■ **EXERCISE PROMPT**: Lines from the one with "Los Deportes de" up to and including the one with "Ostrich Trophy Bird Wall Sculpture" are to be copied exactly from the records below, without their pictures.

■ **THE RECORDS**:

++++++

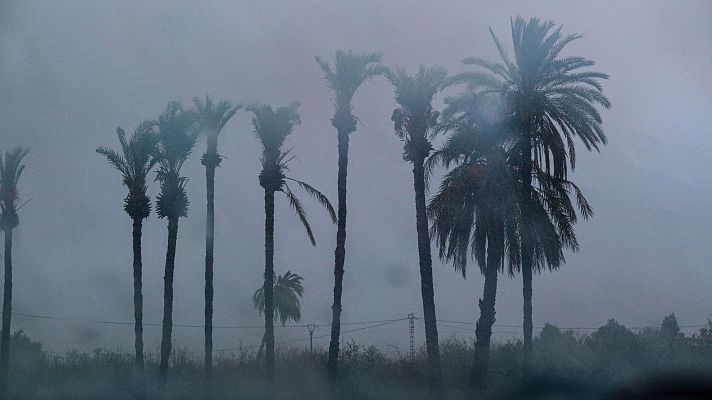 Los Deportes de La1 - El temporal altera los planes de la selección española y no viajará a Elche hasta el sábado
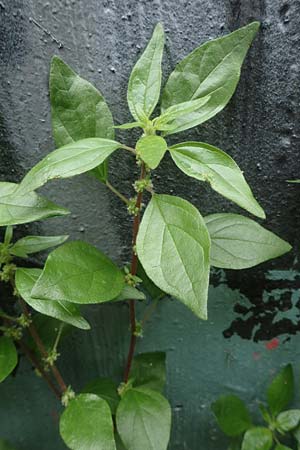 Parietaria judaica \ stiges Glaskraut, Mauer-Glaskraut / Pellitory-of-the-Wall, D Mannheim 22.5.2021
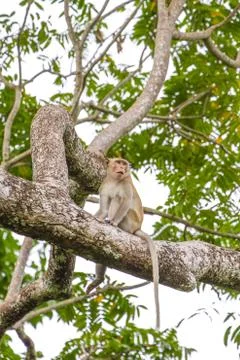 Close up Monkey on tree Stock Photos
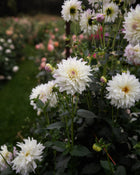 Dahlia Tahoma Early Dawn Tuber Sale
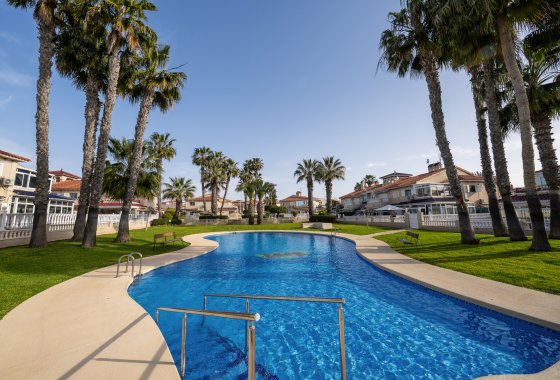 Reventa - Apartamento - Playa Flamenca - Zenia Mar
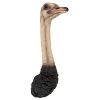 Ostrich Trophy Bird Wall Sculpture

++++++

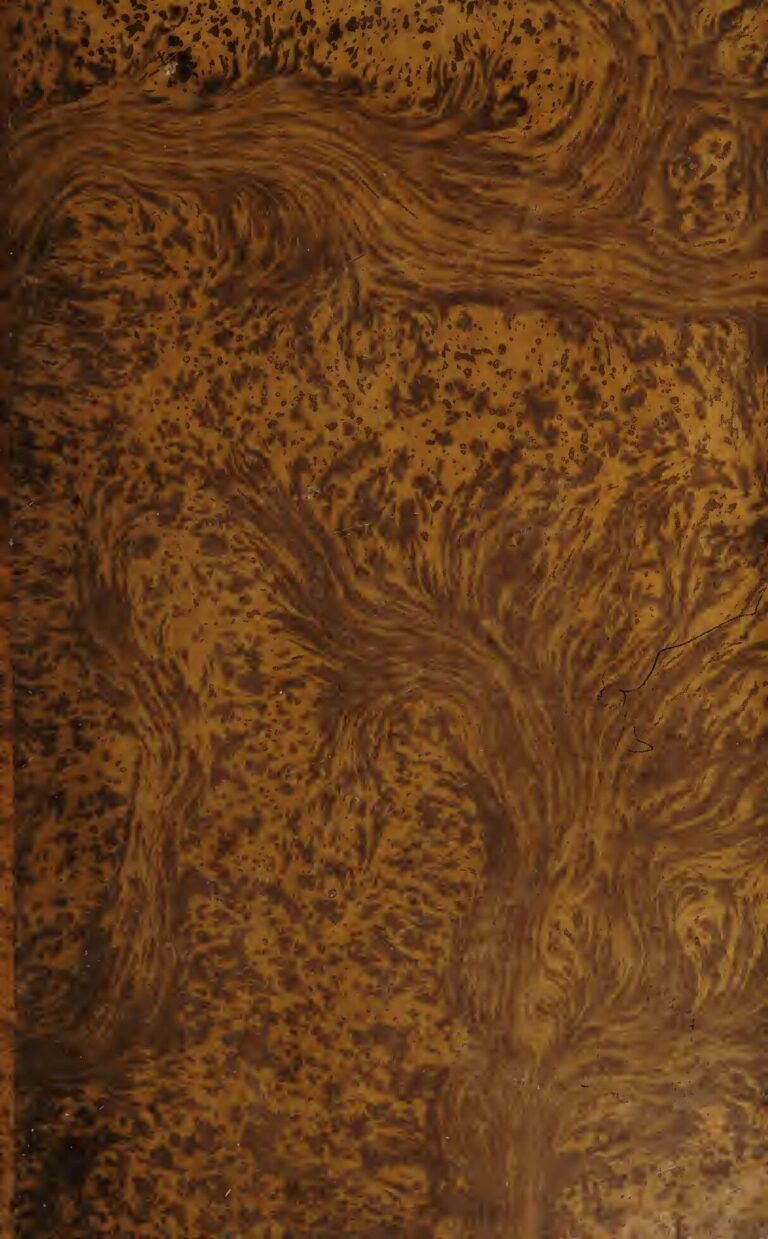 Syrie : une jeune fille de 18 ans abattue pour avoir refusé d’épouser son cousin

++++++

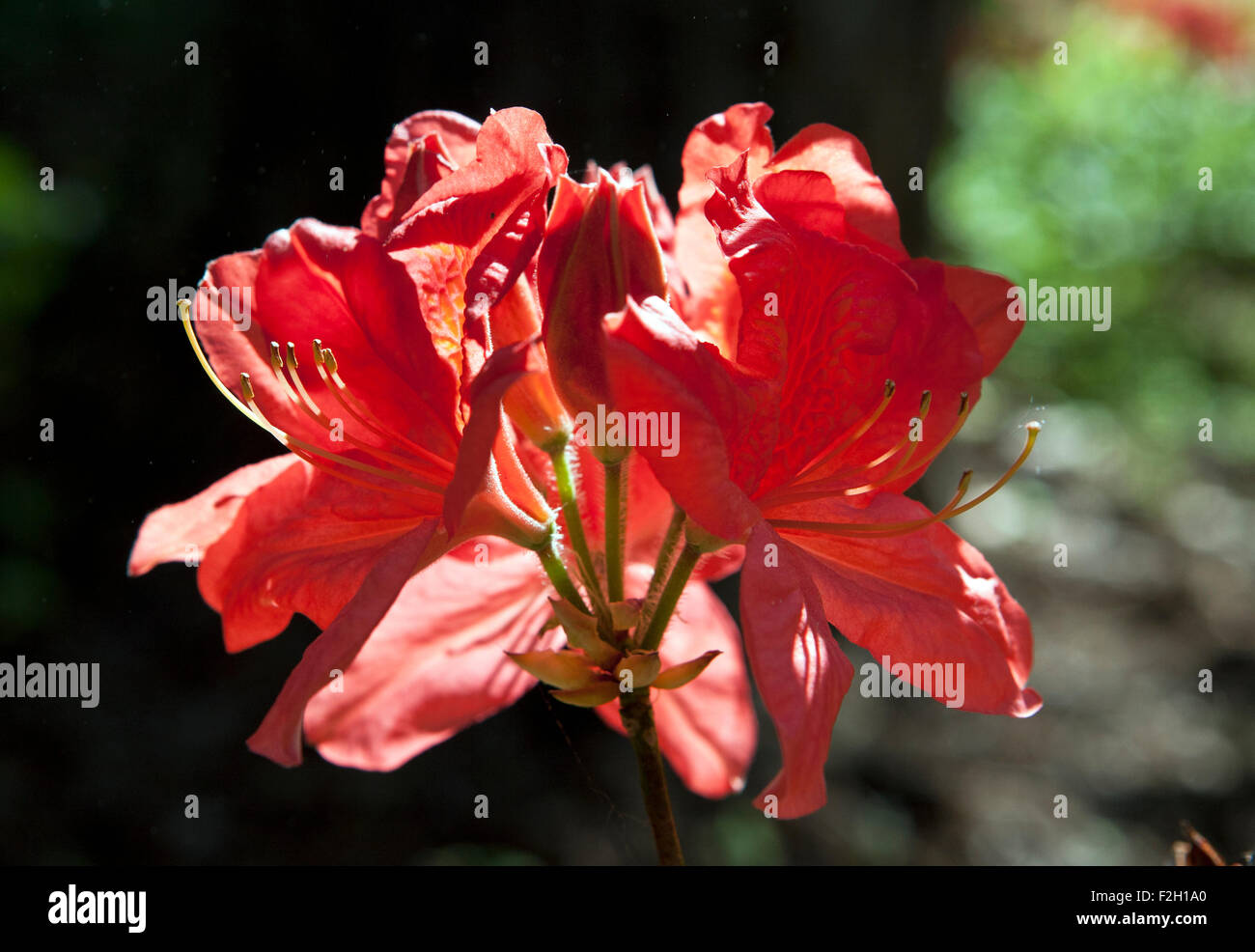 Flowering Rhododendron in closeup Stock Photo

++++++

■ **YOUR RESPONSE**:
 Los Deportes de La1 - El temporal altera los planes de la selección española y no viajará a Elche hasta el sábado
 Parietaria judaica \ stiges Glaskraut, Mauer-Glaskraut / Pellitory-of-the-Wall, D Mannheim 22.5.2021
 Close up Monkey on tree Stock Photos
 Dahlia Tahoma Early Dawn Tuber Sale
 Reventa - Apartamento - Playa Flamenca - Zenia Mar
 Ostrich Trophy Bird Wall Sculpture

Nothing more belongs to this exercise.